● **Task statement**:
The pictures are to be left out, and all remaining data is to be transcribed exactly as it appears.

● **Given data**:

---------------

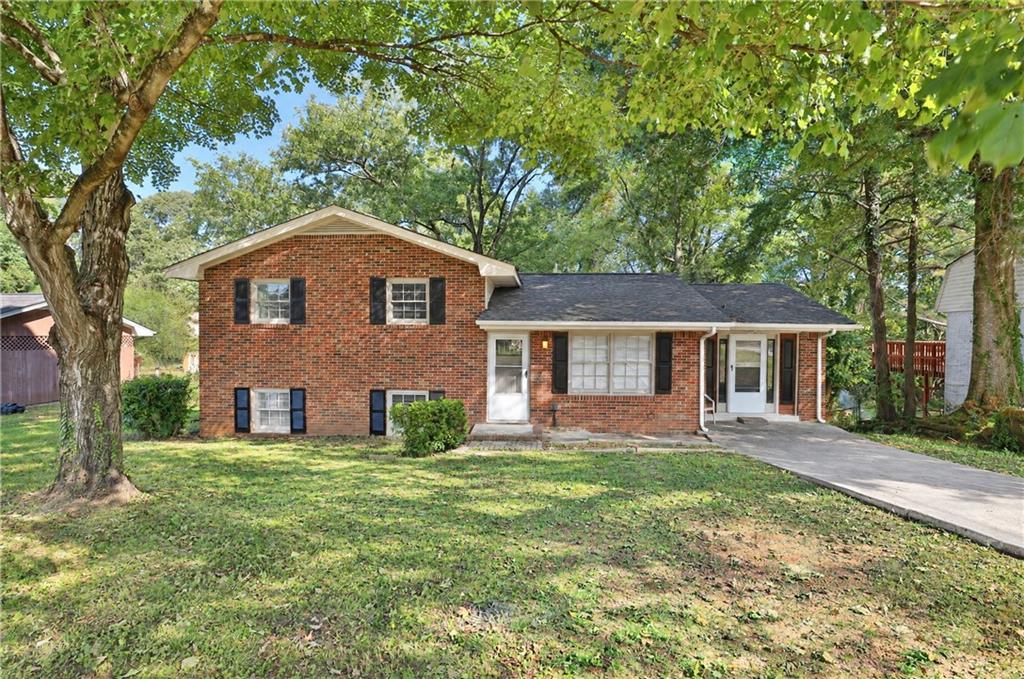6370 Maddox Rd., Morrow, GA 30260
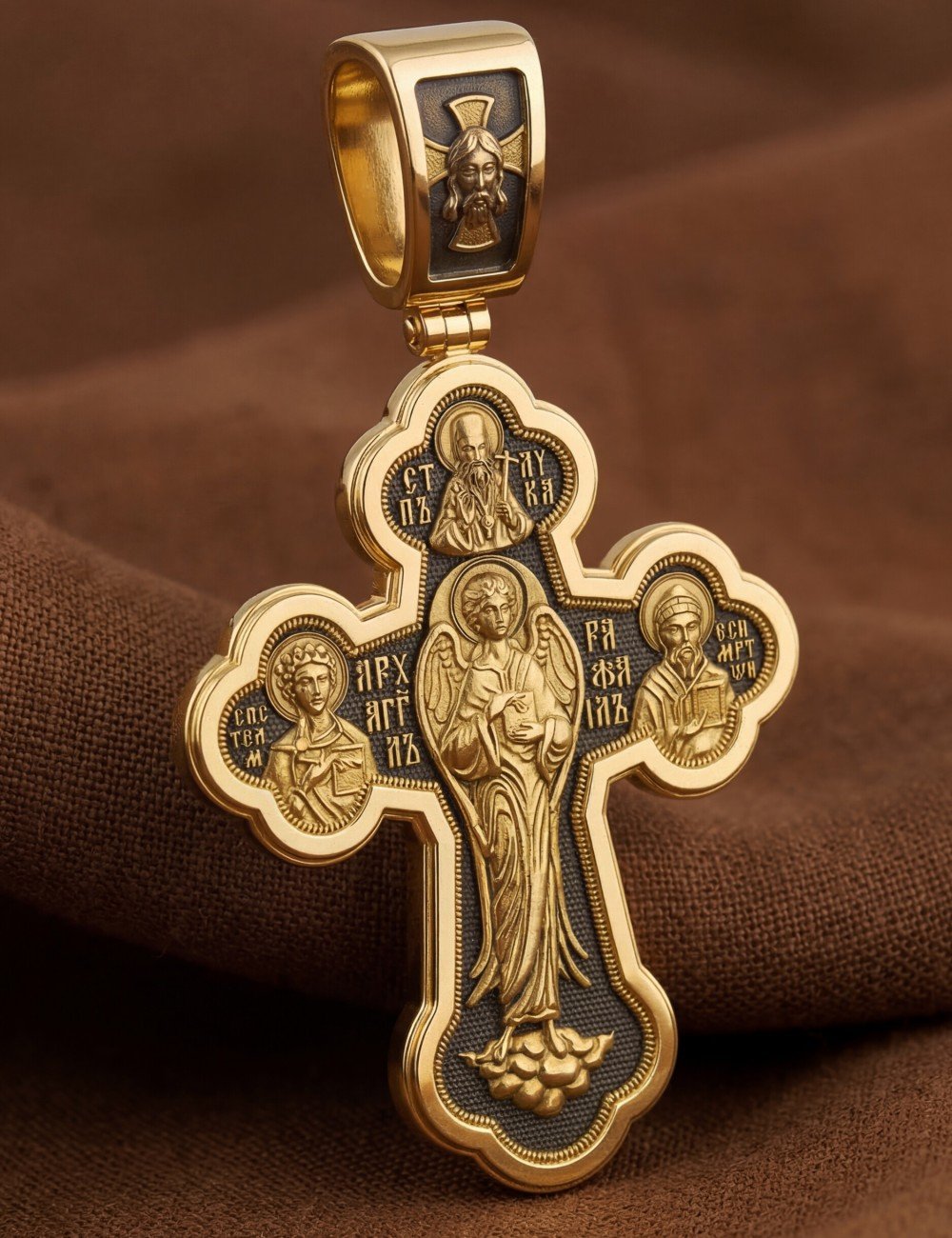 Крест из лимонного золота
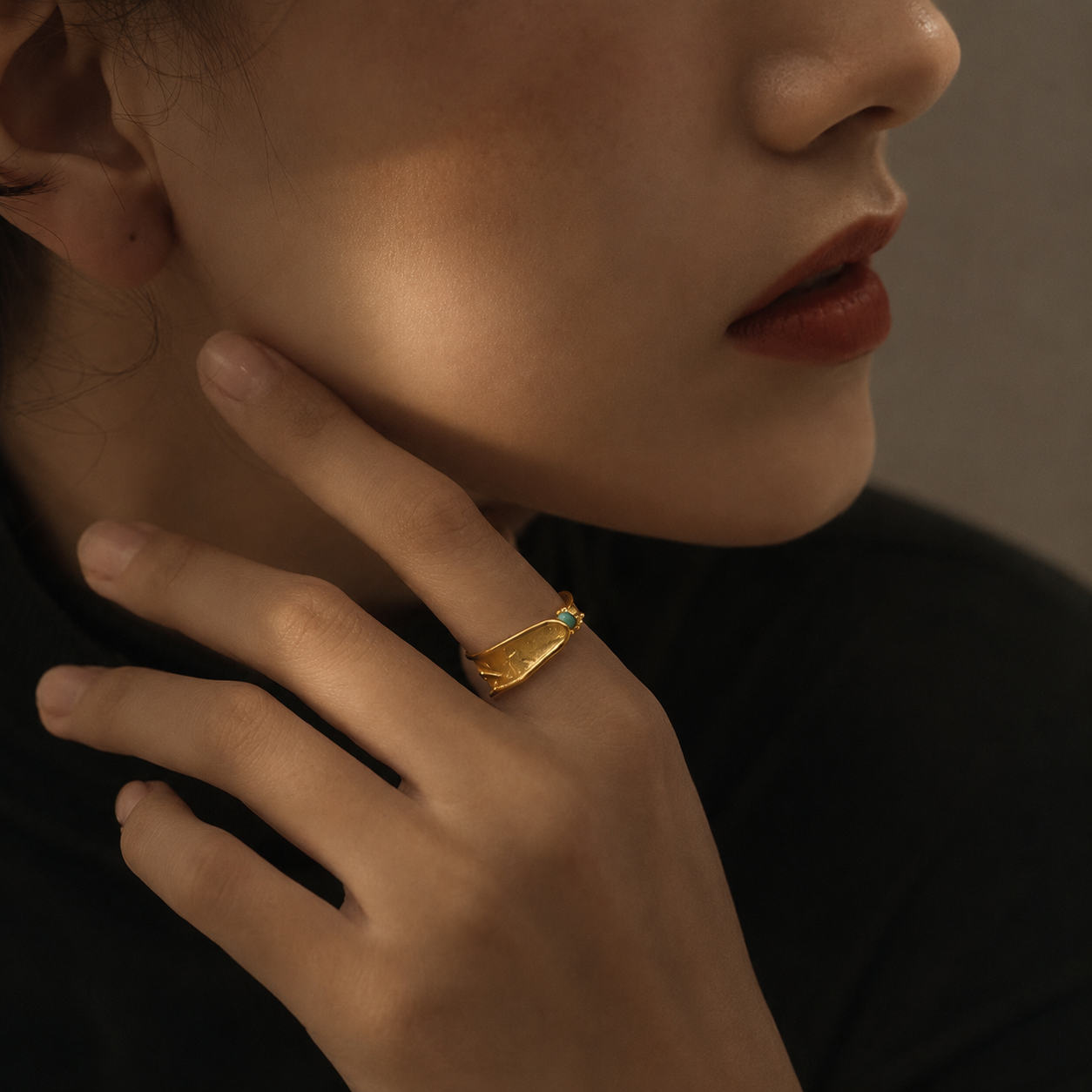 Echoes of Time Ring
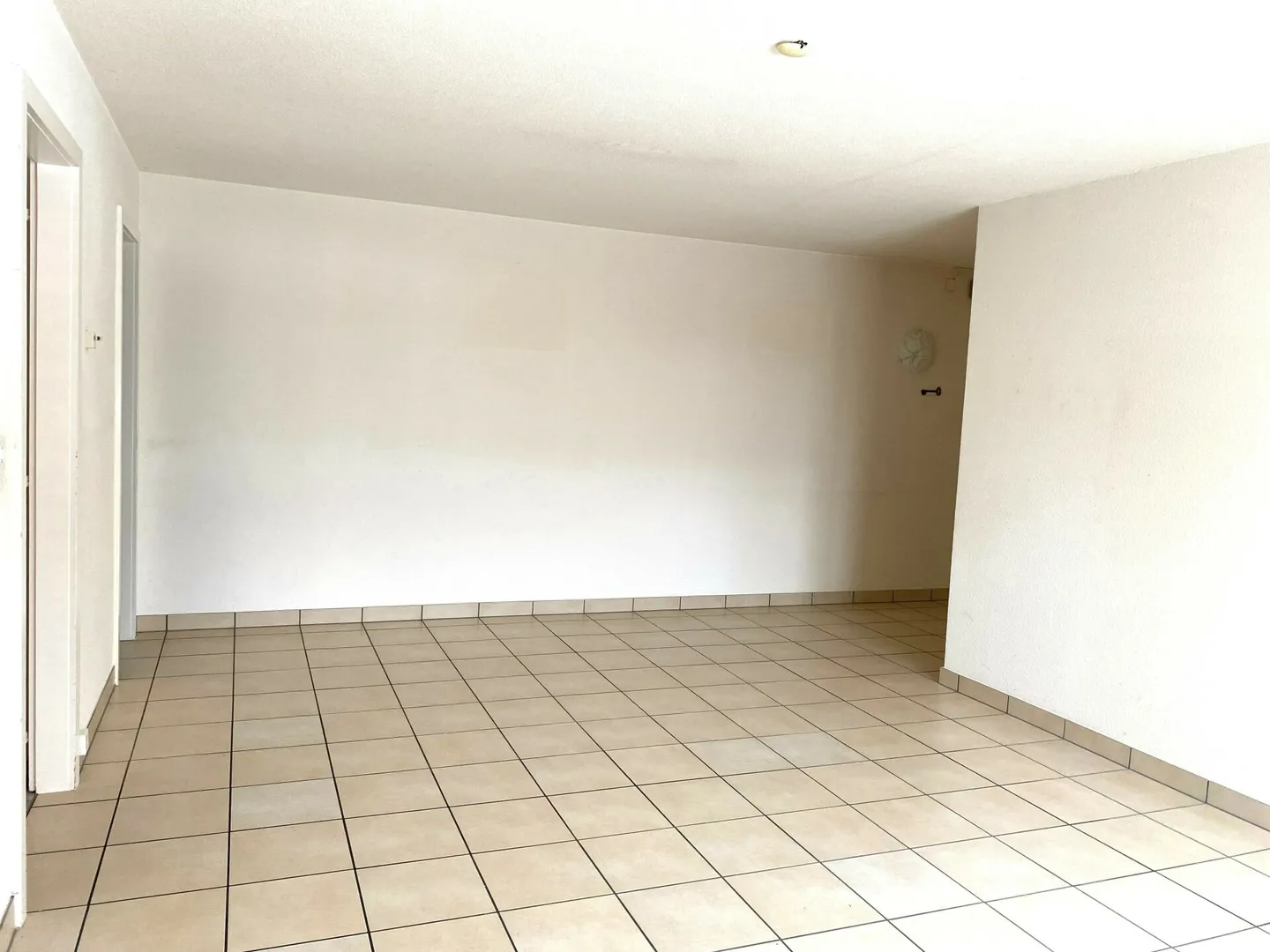 Schöne 3-Zimmer-Wohnung im 1. Stock mit Aufzug - Foto 3 von 7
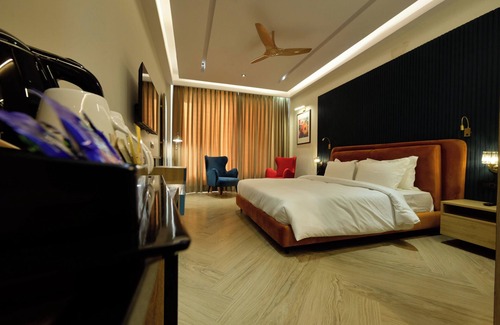 Kharar Hotel | HOTEL THE PARK GATE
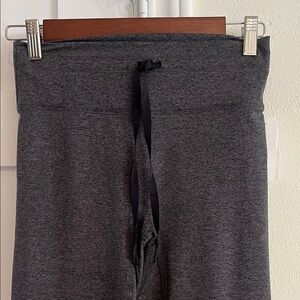 SPANX Dark Gray Skysoft hi-rise legging Size Medium Petite NWT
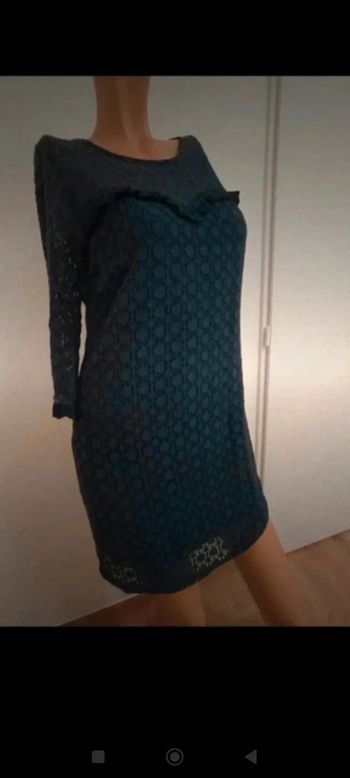 Jolie robe en dentelle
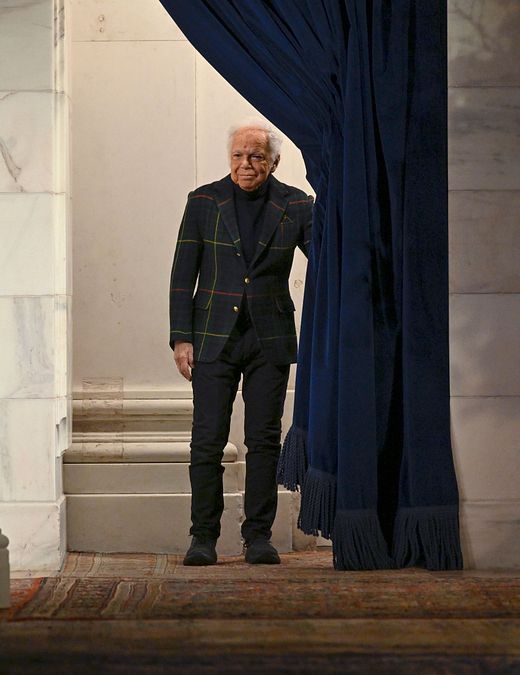 © IPA  | Ralph Lauren, collezione donna autunno 2026. Nella foto, Gigi Hadid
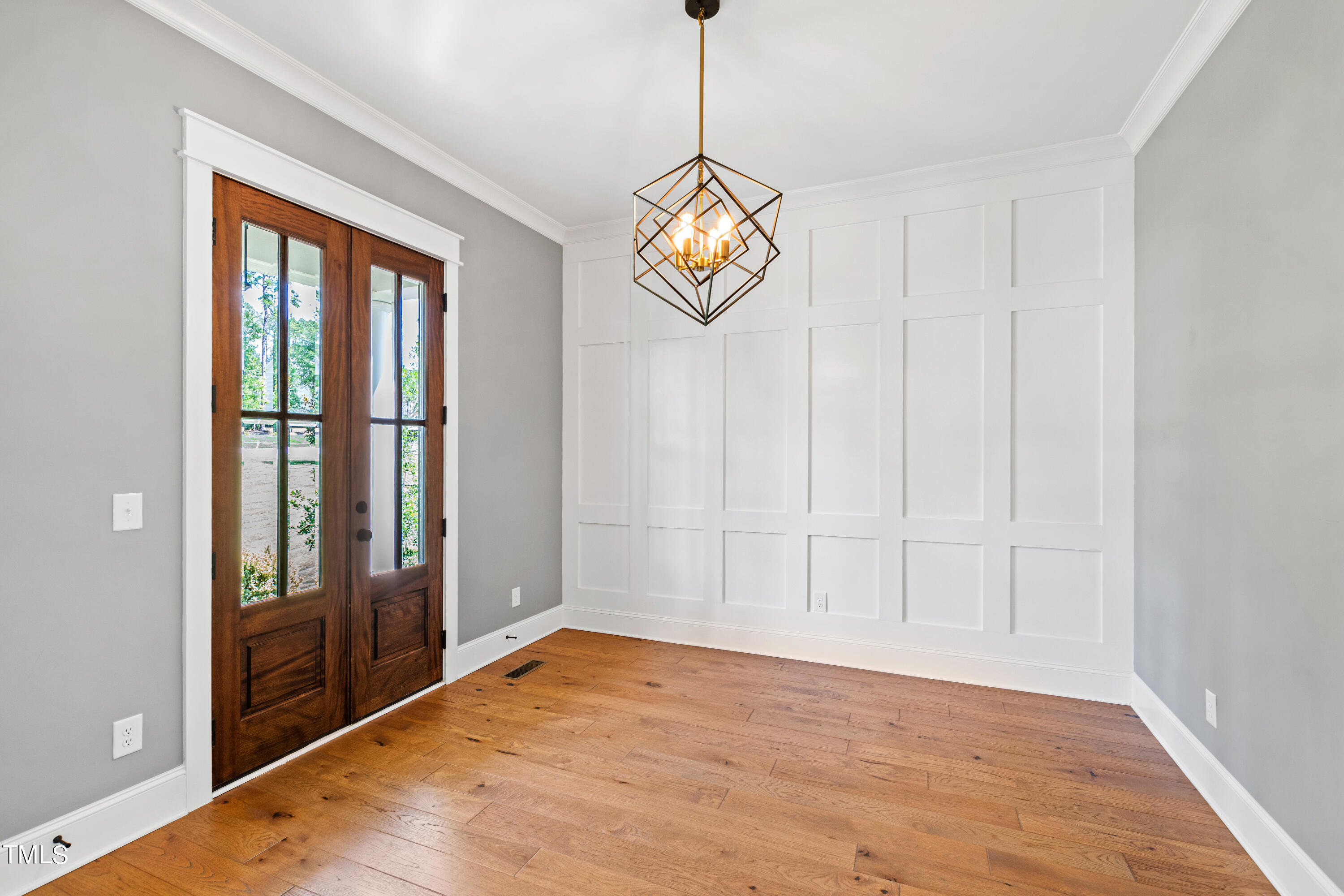1509 Rock Dove Way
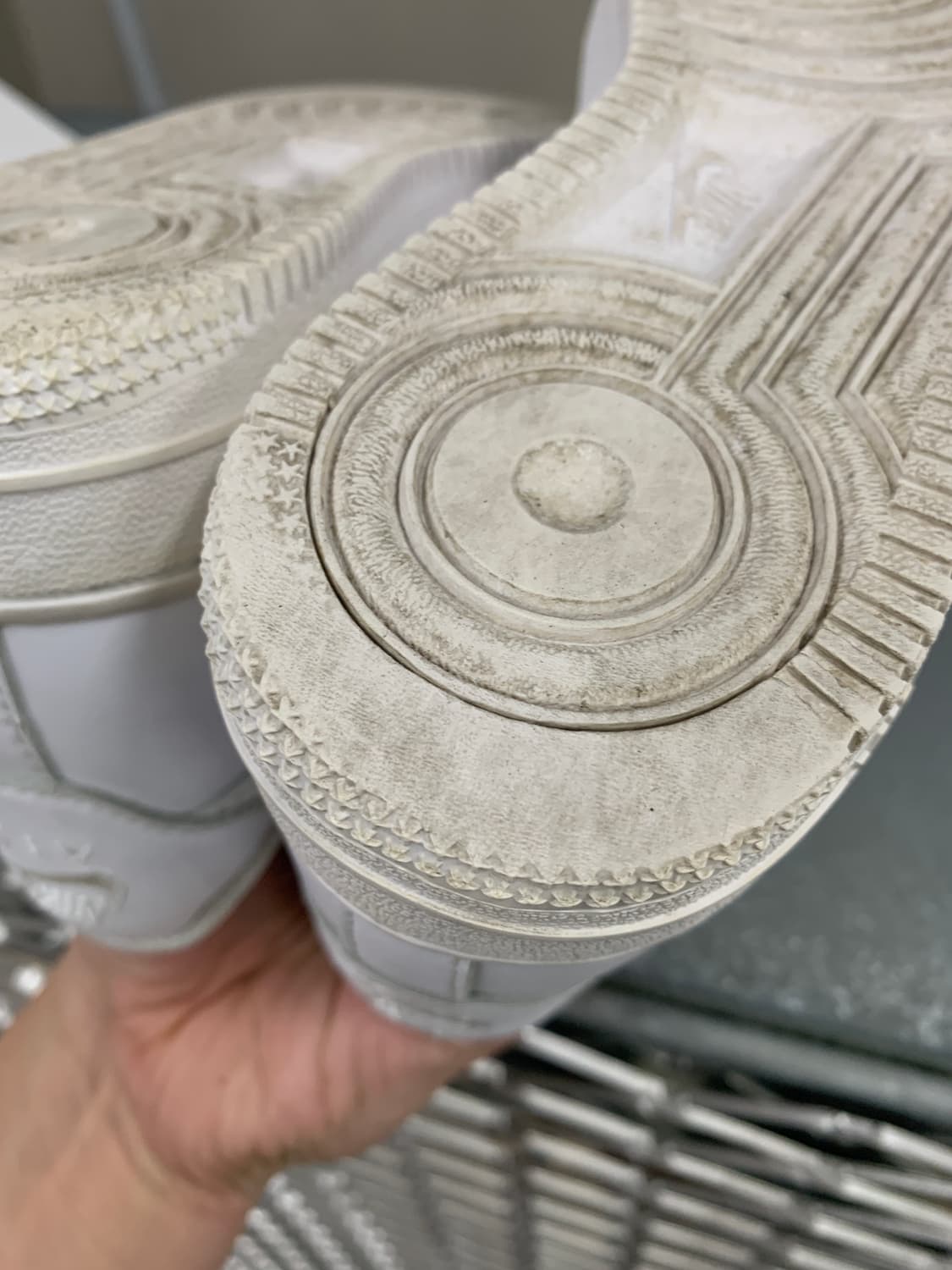 나이키 에어포스 1 로우 화이트 230 상품이미지5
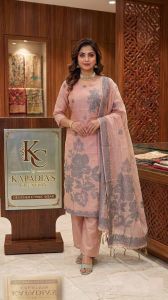 Women Straight Floral Printed Kurta Pant Set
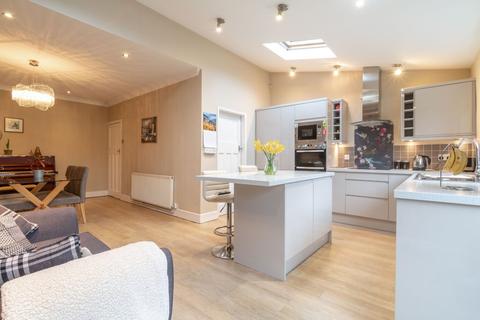 65 Braemar Road, Solihull, B92 8BS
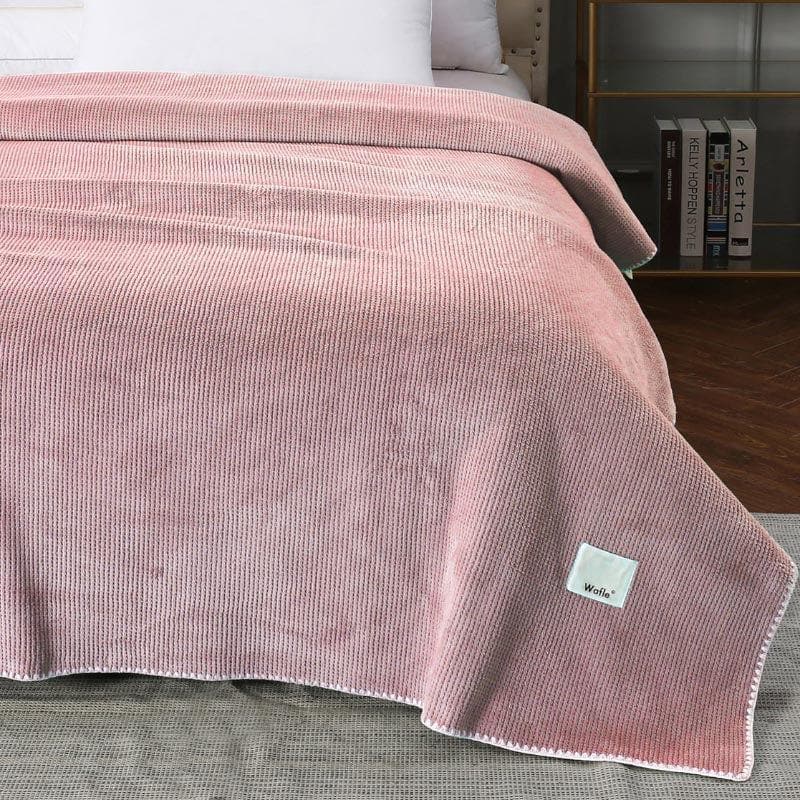 Buy Idyllic Snigu Blanket - Pink Blankets from Vaaree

---------------

● **Answer below**:
6370 Maddox Rd., Morrow, GA 30260
 Крест из лимонного золота
 Echoes of Time Ring
 Schöne 3-Zimmer-Wohnung im 1. Stock mit Aufzug - Foto 3 von 7
 Kharar Hotel | HOTEL THE PARK GATE
 SPANX Dark Gray Skysoft hi-rise legging Size Medium Petite NWT
 Jolie robe en dentelle
 © IPA  | Ralph Lauren, collezione donna autunno 2026. Nella foto, Gigi Hadid
1509 Rock Dove Way
 나이키 에어포스 1 로우 화이트 230 상품이미지5
 Women Straight Floral Printed Kurta Pant Set
 65 Braemar Road, Solihull, B92 8BS
 Buy Idyllic Snigu Blanket - Pink Blankets from Vaaree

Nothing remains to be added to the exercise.